U.S. Nets $54 Million Fine for Overseas Bribery

HOUSTON (CN) - Japanese conglomerate Marubeni Corp. will pay $54.6 million to resolve federal charges that it bribed Nigerian government officials for a decade to get engineering, procurement and construction contracts.

In a deferred-prosecution agreement and criminal information, prosecutors accused Marubeni of conspiracy and aiding and abetting violations of the Foreign Corrupt Practices Act.

Tokyo-based Marubeni was an agent for a four-company TSKJ joint venture. It was hired to help secure contracts to build liquefied natural gas plants on Bonny Island, Nigeria, by bribing Nigerian government officials, prosecutors said.

TSKJ was comprised of Technip, Snamprogetti Netherlands, Kellogg Brown & Root and JGC Corp.

Between 1995 and 2004, Nigeria LNG awarded TSKJ four contracts worth more than $6 billion to build the LNG facilities.

Government-owned Nigerian National Petroleum Corp. was the largest shareholder of NLNG, owning 49 percent of the company.

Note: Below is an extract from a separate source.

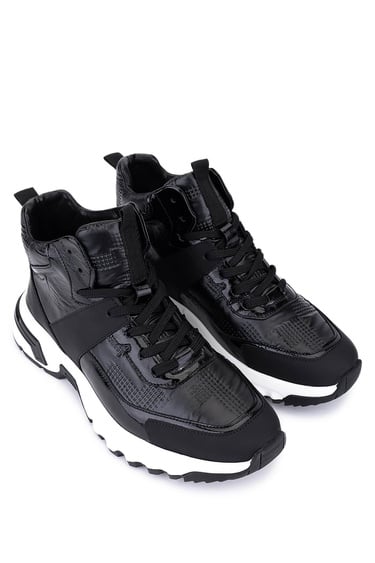  Tamer Tanca Erkek Hakiki Deri Siyah Sneakers & Spor Bot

Prosecutors say Marubeni and Jeffrey Tesler, a British solicitor, were hired to pay the bribes: Tesler to bribe high-level Nigerian government officials, including top-level officials in the executive branch, and Marubeni to bribe lower-level government officials.

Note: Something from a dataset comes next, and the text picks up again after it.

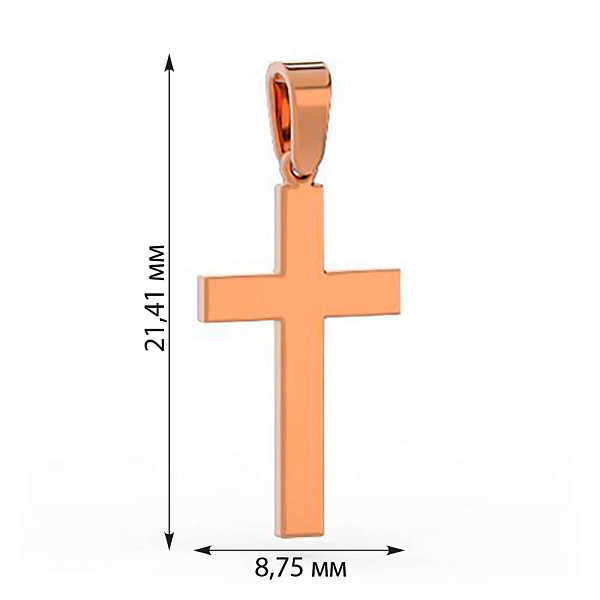 Підвіска-хрестик з червоного золота (арт. 440407) – зображення 2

TSKJ paid about $132 million to a Gibraltar corporation controlled by Tesler and $51 million to Marubeni, to be used, in part, for the bribes, the Justice Department said in a statement.

The Department of Justice agreed to defer prosecution of Marubeni for two years and Marubeni agreed to hire a corporate compliance consultant for 2 years, and to cooperate with the government in its investigation.

If Marubeni abides by the terms of the agreement, the department will dismiss the criminal information when the term of the agreement expires.

The Department of Justice said it has collected more than $1.7 billion in penalties and forfeitures from members of "the so-called Bonny Island project."